The building construction index rose 8.4%, the civil engineering index 5.8%, and the specialized construction activities index 5.5% year-over-year.
Construction in 2025 offsets 2024’s slowdown
Ali Hepşen, a professor of business administration at Istanbul University, told AA that the country’s construction production saw volatility for a long time, especially due to difficulties in financing, which suppressed production in 2024.
"However, reaching a peak level like 150.4 points is important – the acceleration on construction sites has already been felt in the field since the second half of last year, and the data reflects that," he said.
He noted that the 8.4% rise in the building construction index reflects that housing remains the sector’s driver, while the rise in non-building construction, which Turkish Statistical Institute (TurkStat) calls the civil engineering index in its data, reflects the support from public investments. Meanwhile, specialized construction activities indicate that "the supply chain is working."
He said these developments point to a "normalization rather than a new leap."
"The slowdown in 2024 was offset in 2025,” he said. "The relative decrease in cost uncertainty accelerated unfinished projects."
"However, the data alone does not indicate demand health or predictability since production and financial resilience are not the same – it’s necessary to make this distinction," he added.
Hepşen said that extending this momentum into 2026 "would not be easy," and that the rise last year was led by the completion of delayed production, so the continuation of this momentum depends on the start of new projects, which require financing.
He mentioned that contractors are more selective than before when it comes to starting new projects due to slow sales in certain price segments, but "there is no scenario that could completely slow down the sector."
Urban transformation, earthquake-related projects
"Investments in earthquake-prone regions, urban transformation, and public projects may continue this year, but I don’t expect the same high momentum as last year, a more limited and balanced increase is the likely outcome this year, yet the peak of last year is still very important," he said.
"The sector likes confidence, so when the index rises, suppliers relax, and banks become less distant, but the volume growth alone doesn’t measure success, as sustainability will be determined by financing conditions and demand levels," he added.
Mustafa Ekiz, head of Turkish construction sector service provider Real Estate and Construction Platform, said that the rise in the index shows the sector "has once again assumed its role as the driver of the economy."

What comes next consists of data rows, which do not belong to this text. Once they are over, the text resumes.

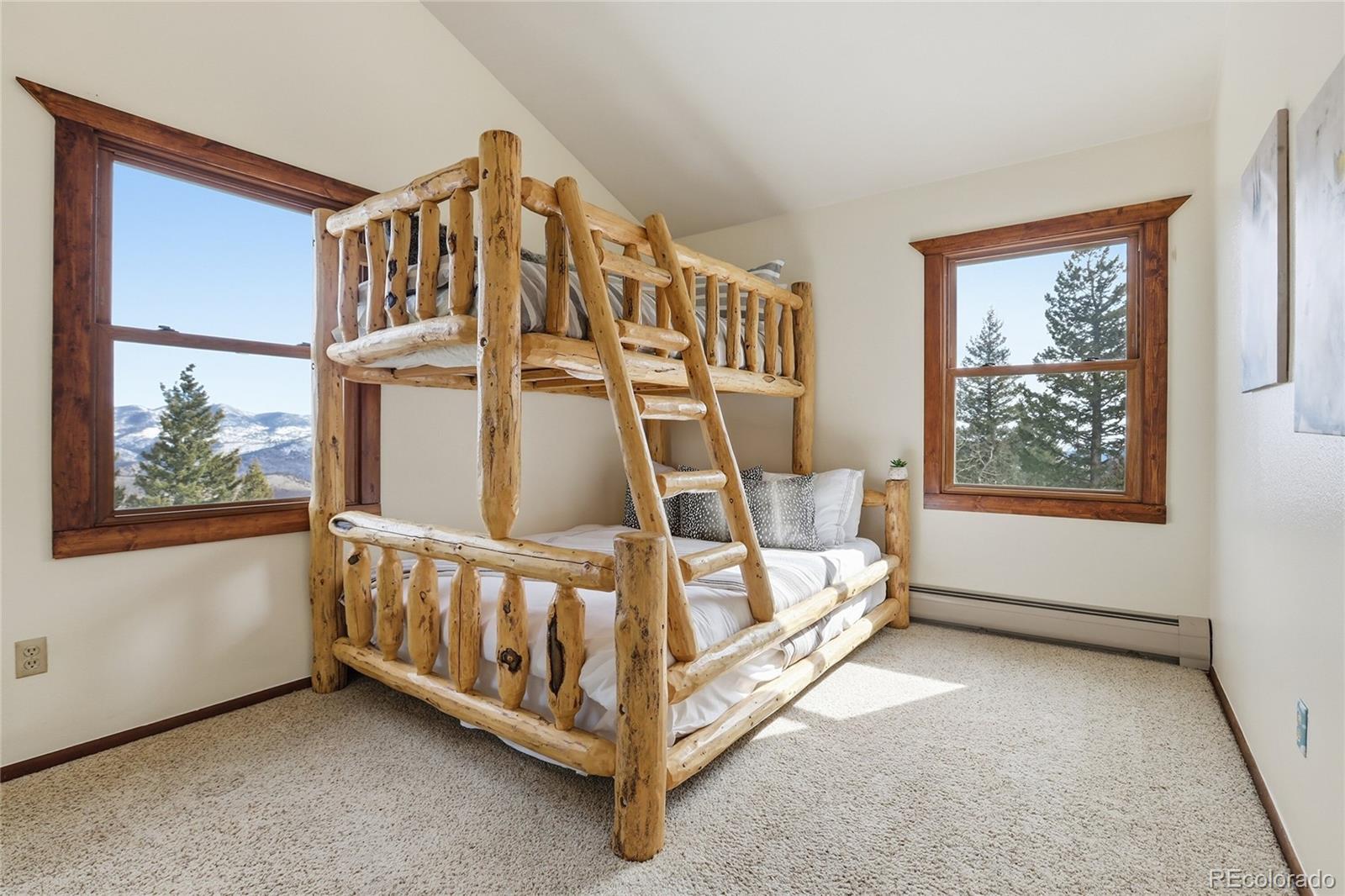 2080 Santa Fe Mountain Road Evergreen CO 80439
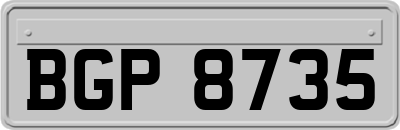 BGP8735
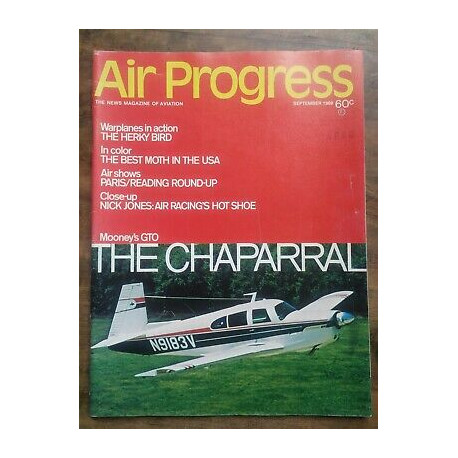 Air Progress September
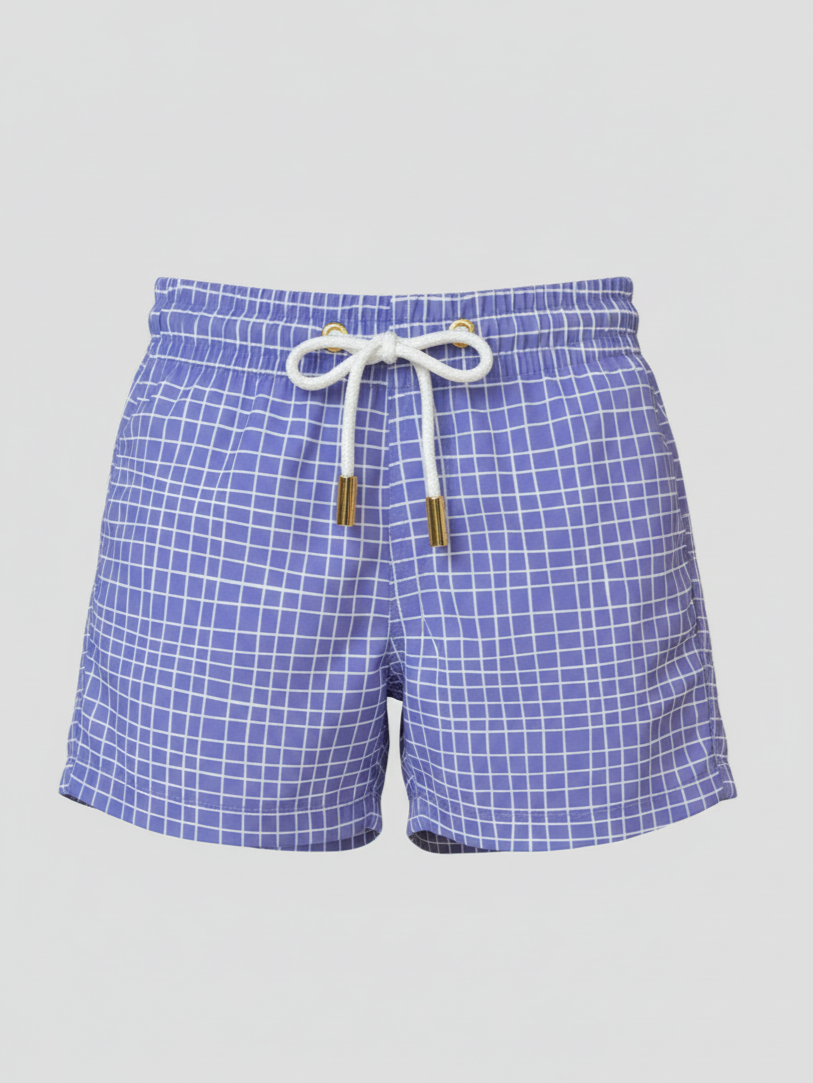 SHORT ELASTIC GRADE INFANTIL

"The rise shows that the housing demand is strong," he said, noting that the construction production activity will continue into this year, "but the growth is expected to progress more steadily."
"Access to financing, land costs and credit conditions will determine the pace of the sector this year," he added.
Ekiz said the sector creates employment and stimulates related sectors, while shaping the future of cities.
"Planned production, appropriate financing models, and a quality urbanization approach are needed for sustainable growth," he said.